I must have learned to love myself.

Life is predictably unpredictable. Wyman came back for me. I really don’t know how to deal with my feelings anymore. Perhaps in my whole entire life, I held my own confidence too high above and when he uttered the word “break”, I collapsed completely having the feeling of an enormous fall. A total loss to everything been owned and given to me. As I begin to patch up my tormented life, he came back. He assumes we could be back together just like last time. He assumes that the hurtful break off has never happened. He assumes that my hurts has all been cured. All his assumptions did not grant me an assurance anymore. An assurance that I am going to take him back and pretend things will be at its moderate mode. Yes, we are back together but something is missed in betweens. The deep hole inside my heart. The wound that has caused so much pain.
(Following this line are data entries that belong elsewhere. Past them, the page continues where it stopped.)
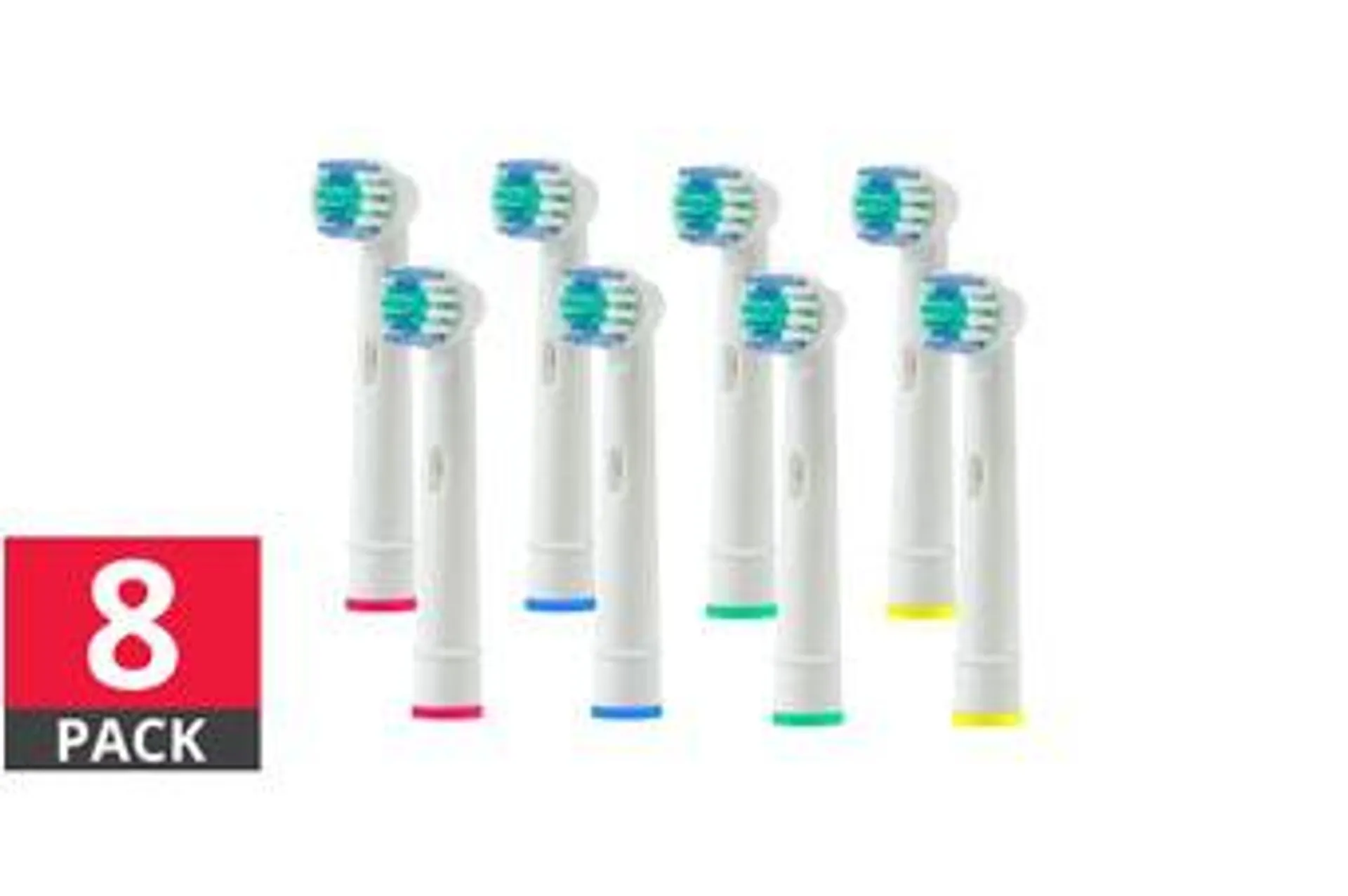 8 Pack Replacement Toothbrush Heads - Oral-B Compatible
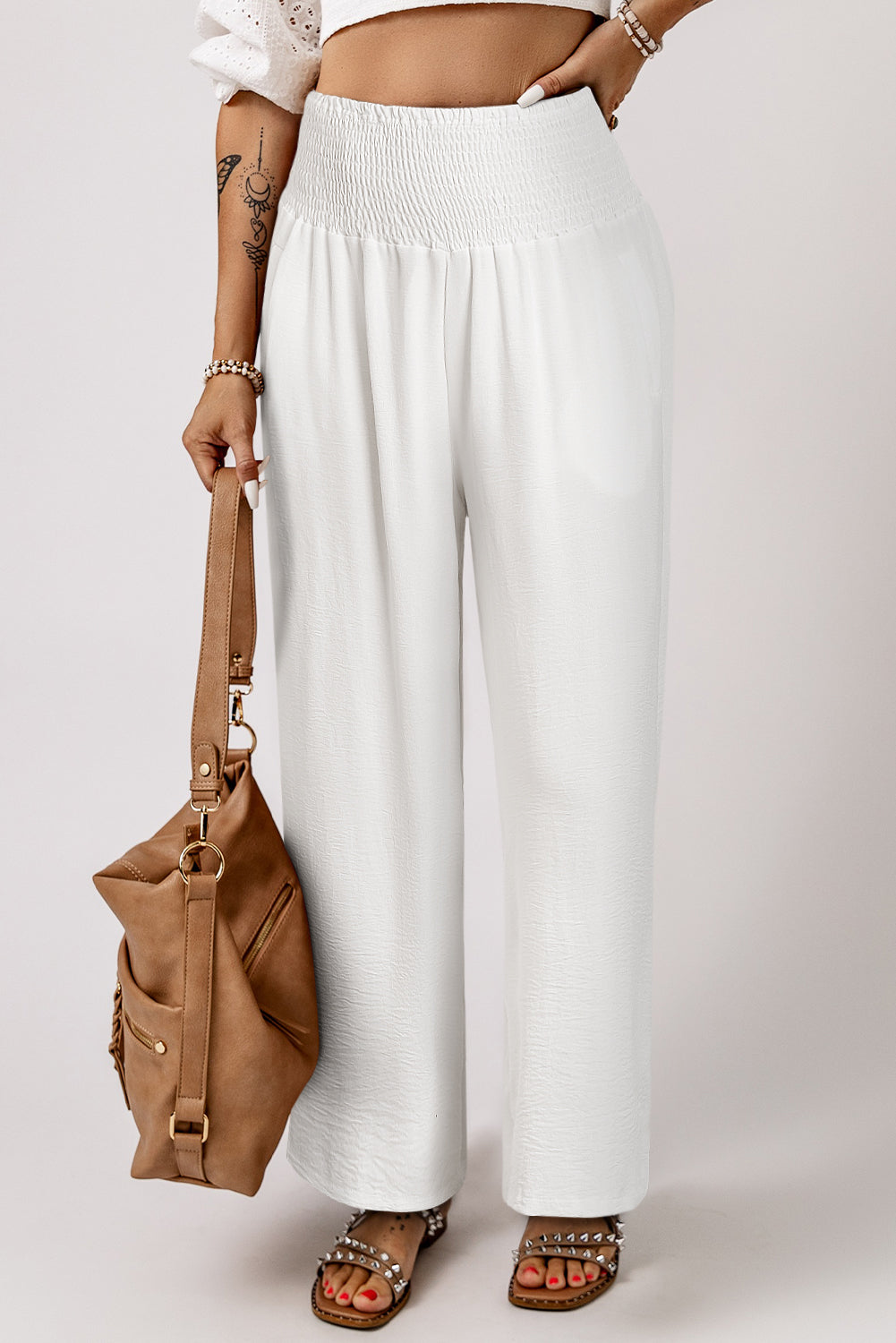 Red Smocked Pockets High Waisted Beach Pants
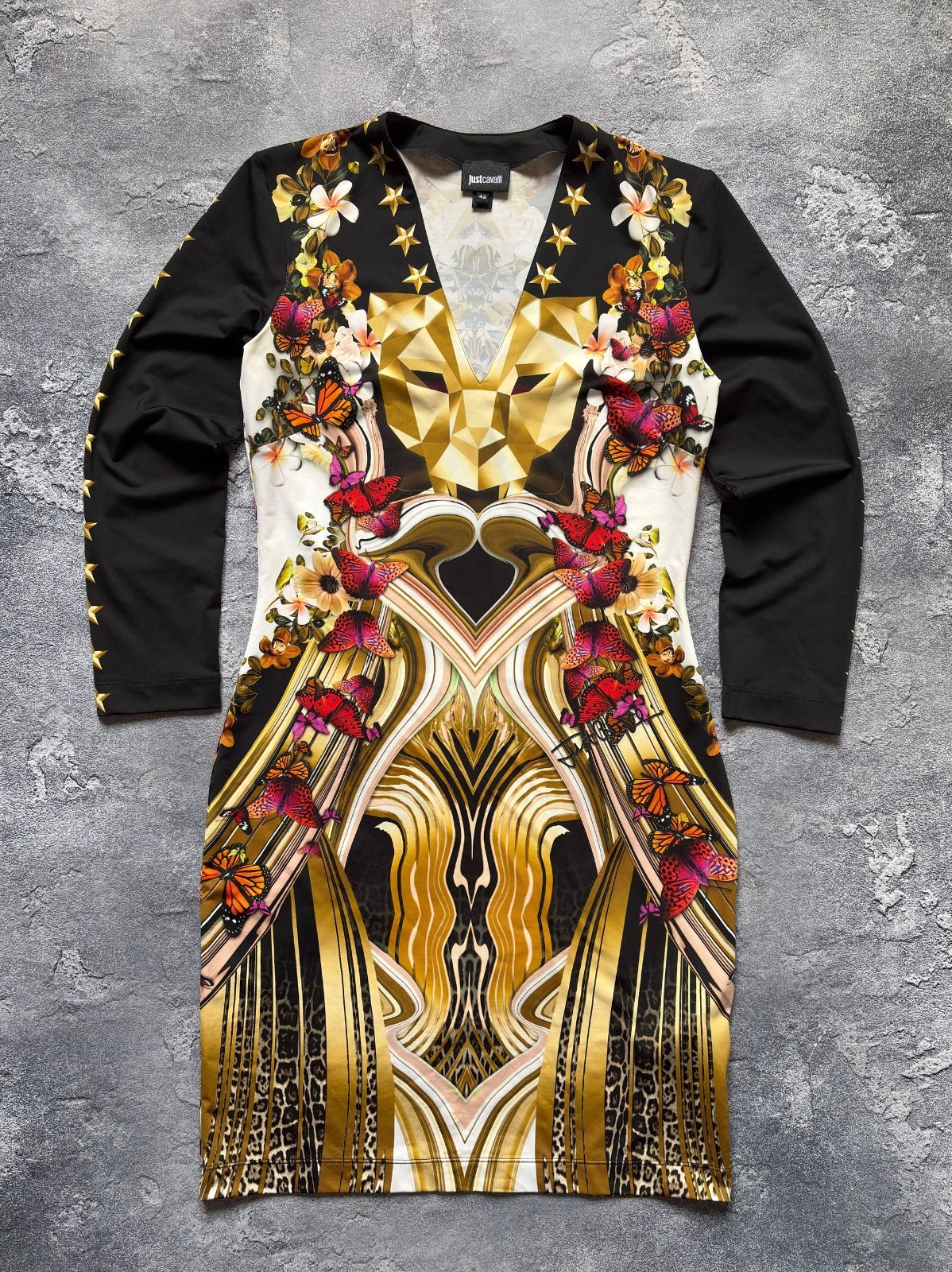 Just Cavalli Luxury Multicolour Butterfly Star Pattern Dress Womens Size 42
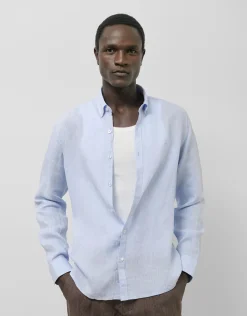 Camisa sport regular lino celeste
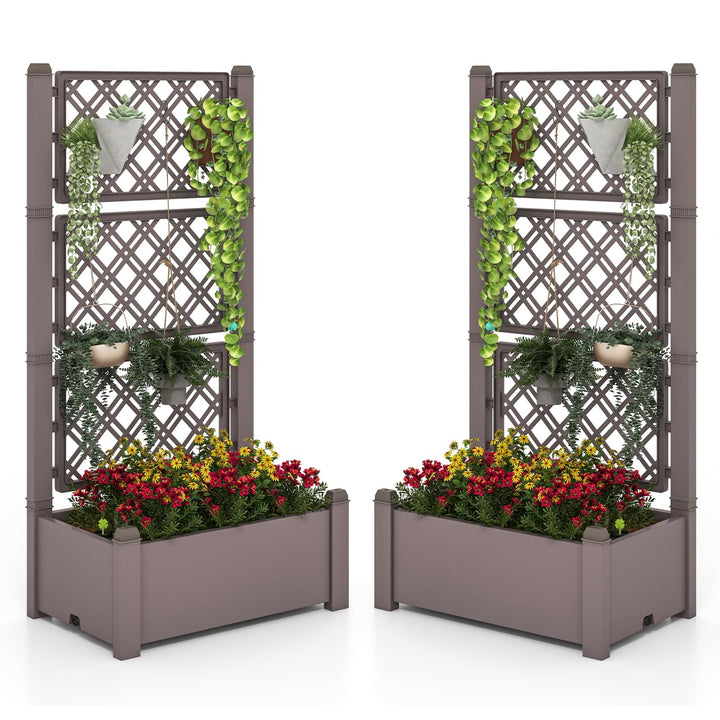 Giantex Raised Garden Bed with Trellis 59”, Self-Watering Planter Box with Water Level Indicator &amp; Removable Space Dividers
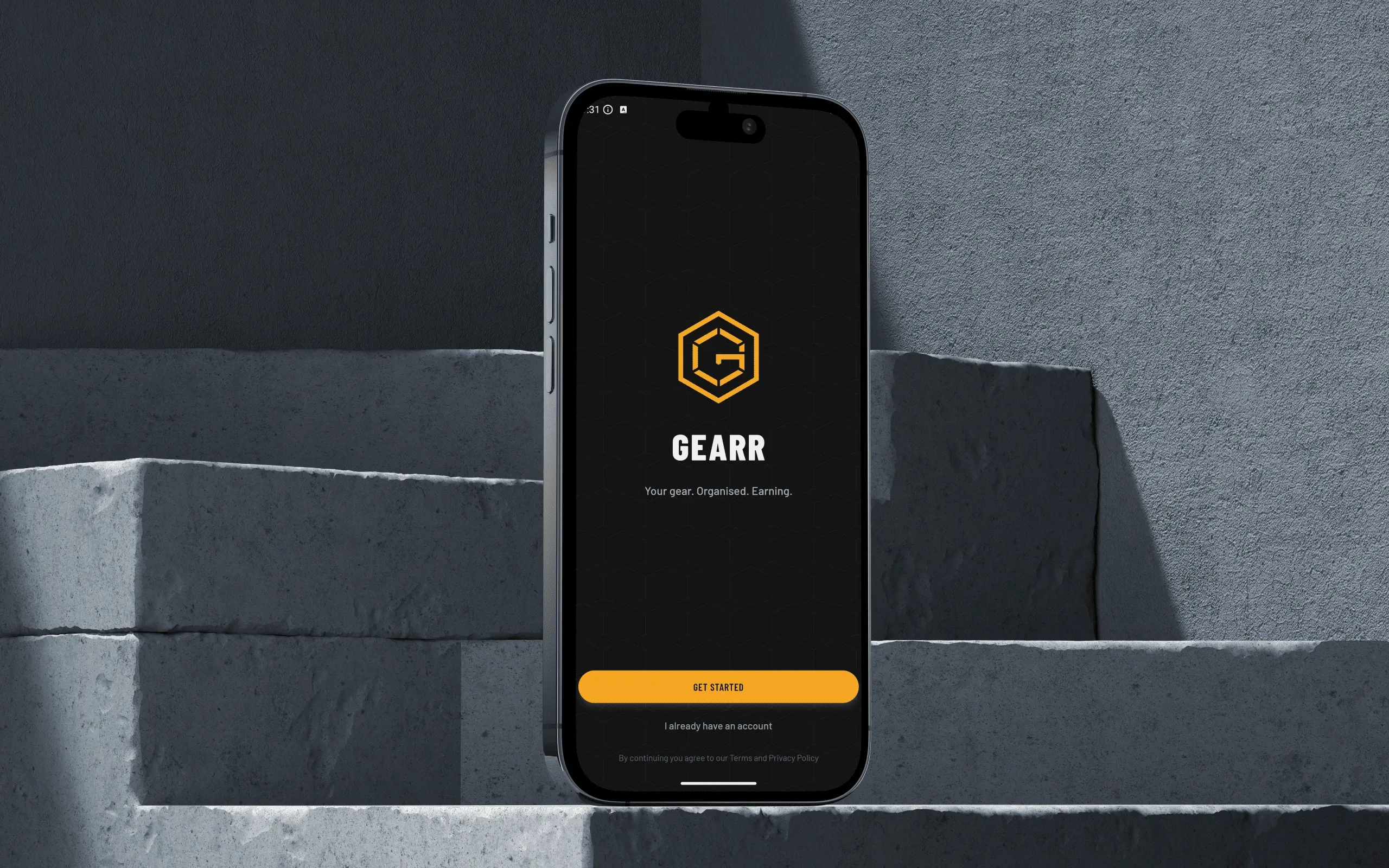 GEARR opening on its promise, "Your gear. Organised. Earning."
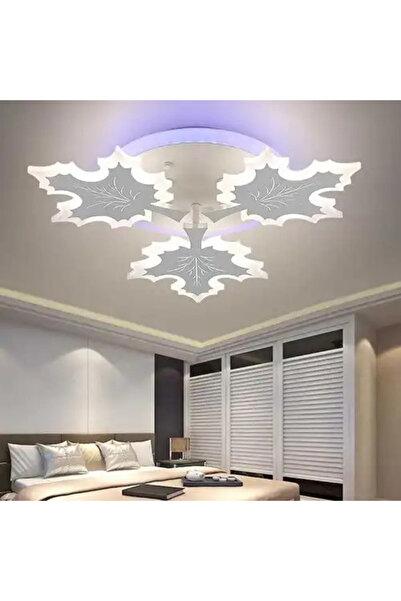 LED CONCEPT LED chandelier with 3 types of light and remote control, white, round, 80W, dimmable + RGB, 58x58x9cm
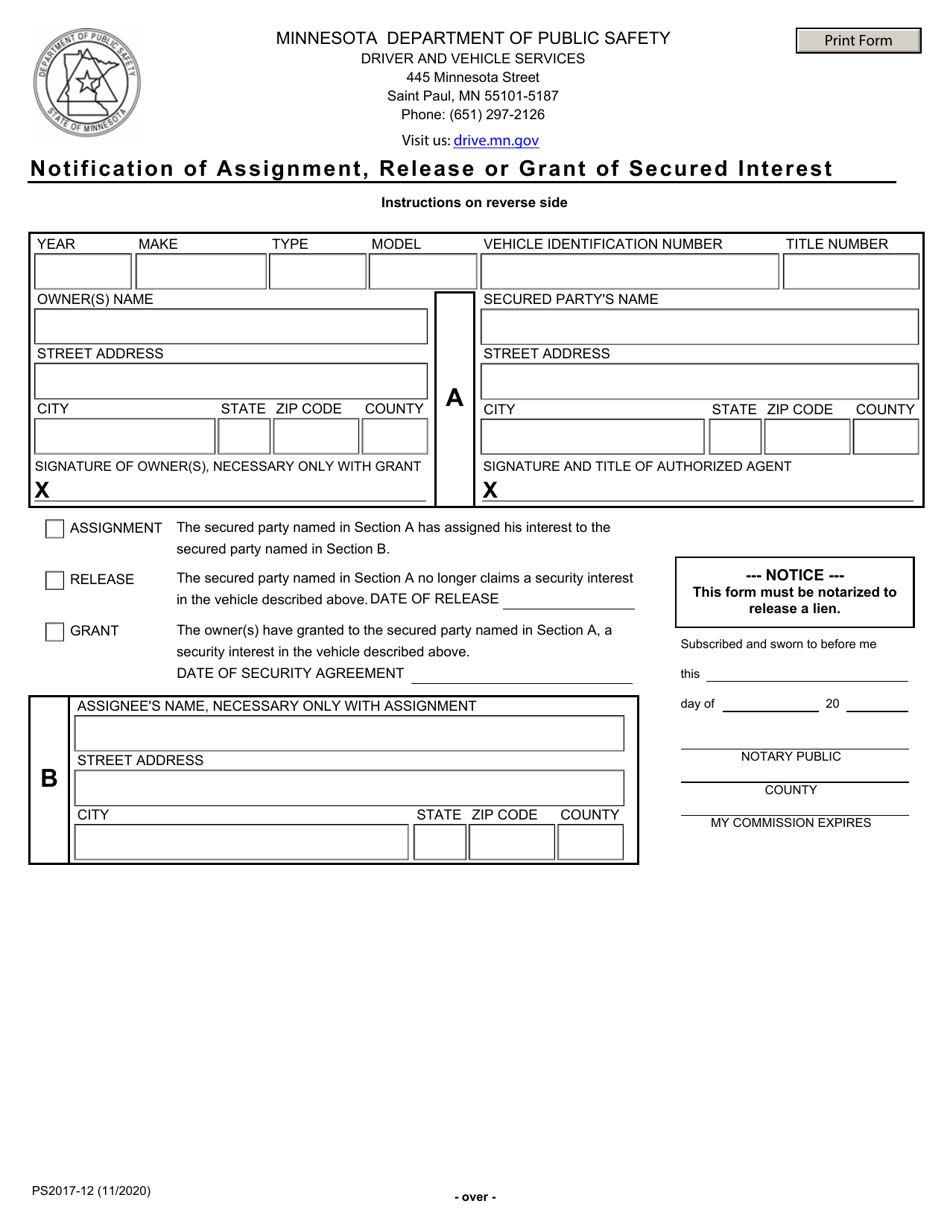 Form PS2017 Notification of Assignment, Release or Grant of Secured Interest - Minnesota, Page 1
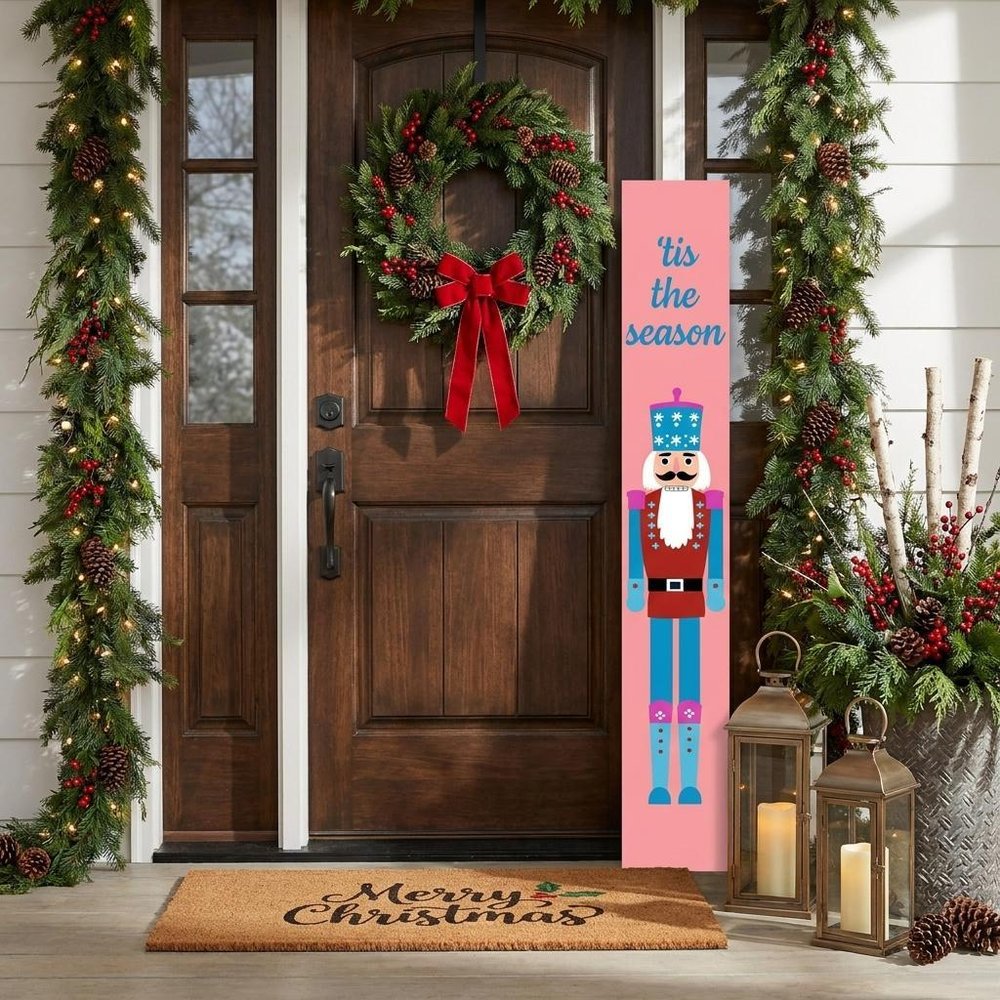 47" Blue And Pink Solid Wood Tis The Season Christmas Nutcracker Porch Sign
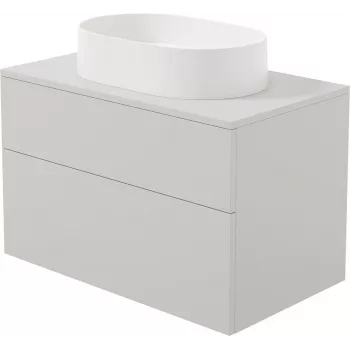 DEANTE pie sienas montējama mēbeļu komplekts ar integrētu granīta izlietni 55x35 cm, spīdīgi balts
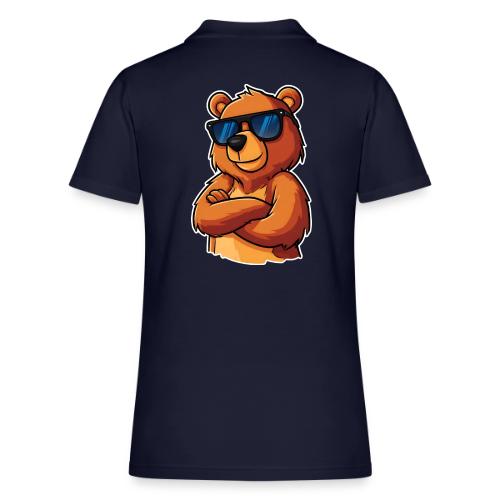 Cool Bear Sunglasses Cartoon Design - Women's Pique Polo Shirt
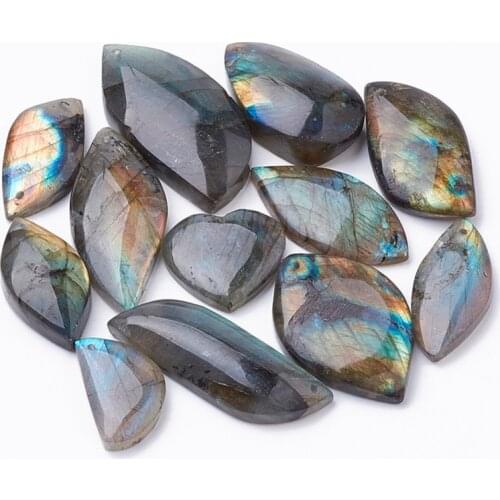 PandaHall 10pc 21~43.5x14~24.5x5~11mm Vintage Natural Labradorite Stone Special DIY Necklace Dangle Jewelry Pendants Mixed Shape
If Keet wouldn’t have interfered into my life, I have no doubts and confusions at all into accepting Wyman back. No one has any idea how painful was I during the breaking off moment. Friends and close buddies did a lot to try to cheer me up and I do really appreciate them with the things they offered me. Time especially. Days and nights keeping me accompany, making sure that I am doing alright. Thanks so much peeps for everything. However in all of all, Keet has took up the extra mile in taking care of my feelings. He’s always just a phone call away. I like the way he cares for me and allowing me to be myself. The Teluk Batik trip was indeed a comforting sensation. Apart from the crying and shouting in the car, I enjoyed the loosen-up sense on the beach. Even the second time I went with him, my sense remain as loose as it may allow but with a little thing in extra. This extra little thing is so dangling with multiplicity of feelings. I may have a little feel or more for Keet. Is him just a bounce back or what? I can’t answer myself this.

At this moment, I just want things to go naturally. No point pushing myself towards the wall and not allocating myself to breathe.